Not to mention, that by the end at the aforementioned party Drea resorts to publicly bullying Eleanor in front of their enclosed circle of fake friends and then confronts her outside, wanting to bury the hatchet and end their cycle of revenge. Max suddenly emerges and admits that he leaked the video as his own revenge on Drea for just being her selfish, methodical self and threatens to expose the girls. But picking up a few skills from her “revenge mommy”-the amount of vomit-inducing terms in this movie are insurmountable. Eleonor secretly records Max’s confessions and projects it at the party for all to see, taking down the sleazy, fake feminist that started it all. The film ends with Drea and Eleanor repairing their friendship because they “get each other”-I suppose that this movie’s message is true connectivity and friendship outweighs someone’s literal attempts to demolish you and your family. Many are calling this film a light-hearted teen comedy with two of TVs most prevalent actors tearing up the screen with their unabashed presence. However, the film’s themes and keeping the two girls together completely ignores or at least gloss over a large majority of character growth especially on Drea’s side.

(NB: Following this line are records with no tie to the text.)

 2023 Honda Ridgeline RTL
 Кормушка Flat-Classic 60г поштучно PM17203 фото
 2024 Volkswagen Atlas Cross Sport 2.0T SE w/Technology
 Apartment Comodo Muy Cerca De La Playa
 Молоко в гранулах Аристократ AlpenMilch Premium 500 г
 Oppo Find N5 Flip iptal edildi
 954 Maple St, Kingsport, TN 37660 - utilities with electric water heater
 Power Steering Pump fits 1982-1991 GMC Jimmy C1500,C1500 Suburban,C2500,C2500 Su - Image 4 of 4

Drea is painted as our main protagonist out of her and Eleanor and while I relate to her and her unrelenting anger, I can’t sympathize with her. She only apologizes for her cruelty towards Eleanor at the very last minute and her words don’t feel genuine just because of how many social betrayals she’s inflicted on people for her own selfish gain. At the beginning of the film she publicly humiliates a girl just because of a small rumor she made up about her. Just about 20 minutes later she frames a girl for cocaine use who spread her leaked video around. Though Max’s action cannot be justified and it’s shameful that we never see him hauled off to jail for child pornography, I would contest that Eleanor’s initial plan of making Drea lose all her friends is in a way warranted due to not just Drea’s afflictions upon Eleanor but multiple characters in the story.

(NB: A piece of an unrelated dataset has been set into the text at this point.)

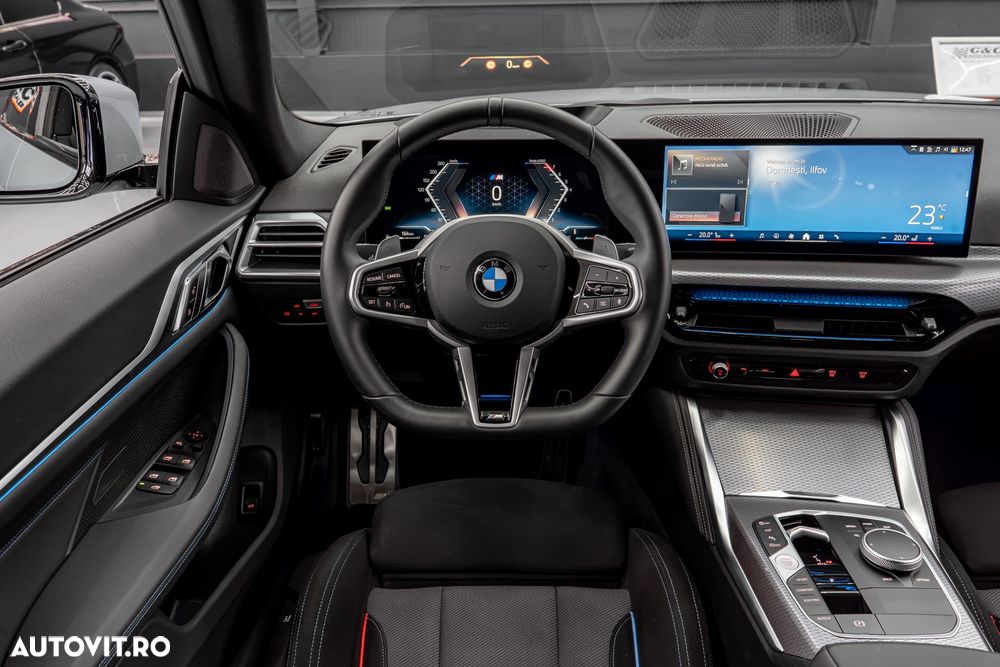 BMW Seria 4 430i xDrive M Sport - 11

Flawed protagonists are intriguing ones, but when their redemption is so carelessly shoe-horned into the last 30 minutes of the film especially after an entire escapade demonstrating all of their glaring discrepancies, it’s hard for audiences to level their feeling towards the character. One of Drea’s sources for such intense anger is the fact that she feels betrayed by the disclusion of her performative friends who claim to fall into the woke, compassionate, progressive teen category but only care about status. But this is exactly what Drea is to! Her performativity is even more relevant simply because of the homophobic statements she made about Eleanor. Though they were children when the rumor was spread, the film fails to have Drea realize exactly how hurtful the implications of her words were. Simply put, both of our protagonists are glamorous, iconic, ideal girl bosses but not without their raging display of flaws that may leave the viewer, confused, disorientated, and ultimately coming out with a less than stellar experience.

Even after all of these factors, Do Revenge is still a wild good time with a kick-ass, mostly female soundtrack featuring Olivia Rodrigo, Billie Eilish, and Chloe Moriando just to name a few. Despite its flaws, Do Revenge certainly stands out even if its highs outweigh its lows.